Your copy should match the records below exactly, except for the pictures.

─── The input

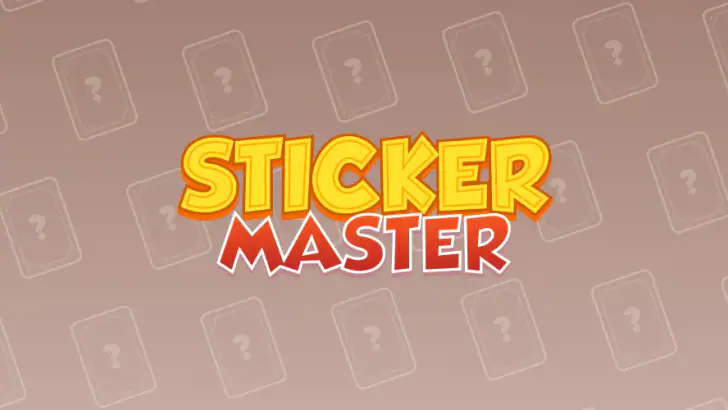 Sticker Master feature graphic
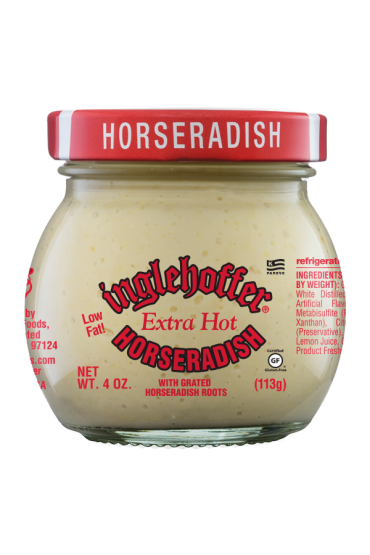 Beaverton Foods | Inglehoffer Extra Hot Horseradish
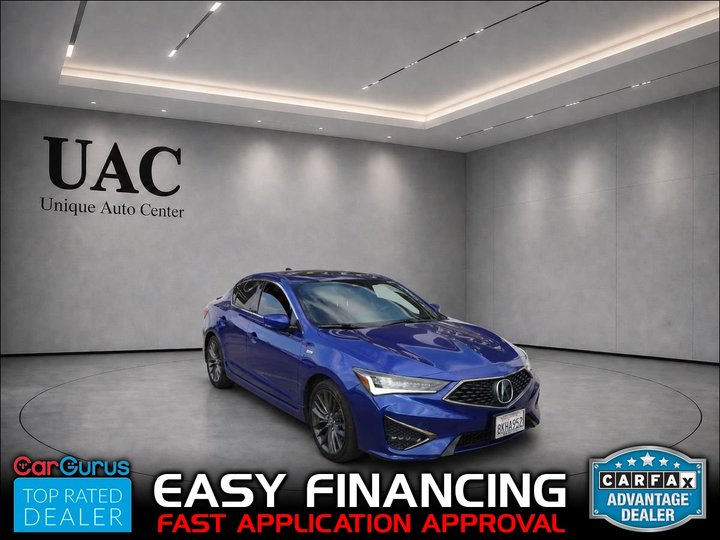 2019 ACURA ILX for sale in BLOOMINGTON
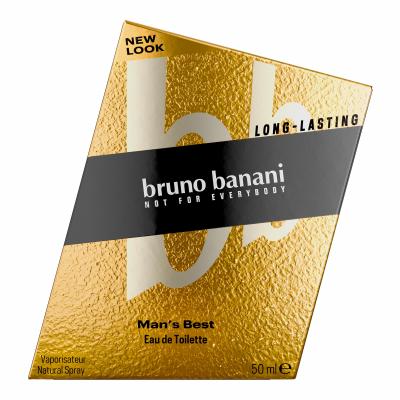 Bruno Banani Man´s Best Toaletná voda pre mužov 50 ml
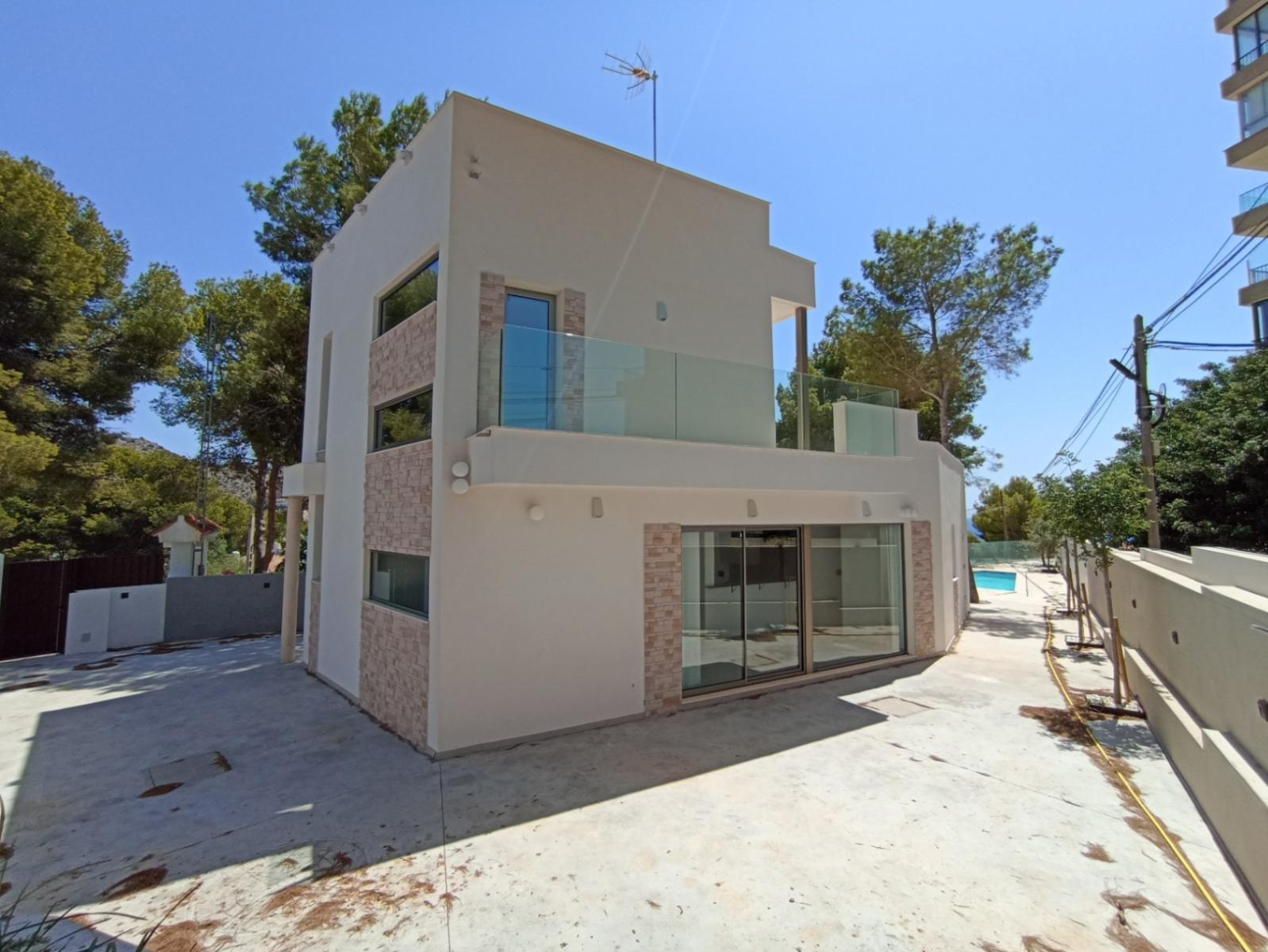 Villa en Venta en Moraira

──────

Response to the exercise —
 Sticker Master feature graphic
 Beaverton Foods | Inglehoffer Extra Hot Horseradish
 2019 ACURA ILX for sale in BLOOMINGTON
 Bruno Banani Man´s Best Toaletná voda pre mužov 50 ml
 Villa en Venta en Moraira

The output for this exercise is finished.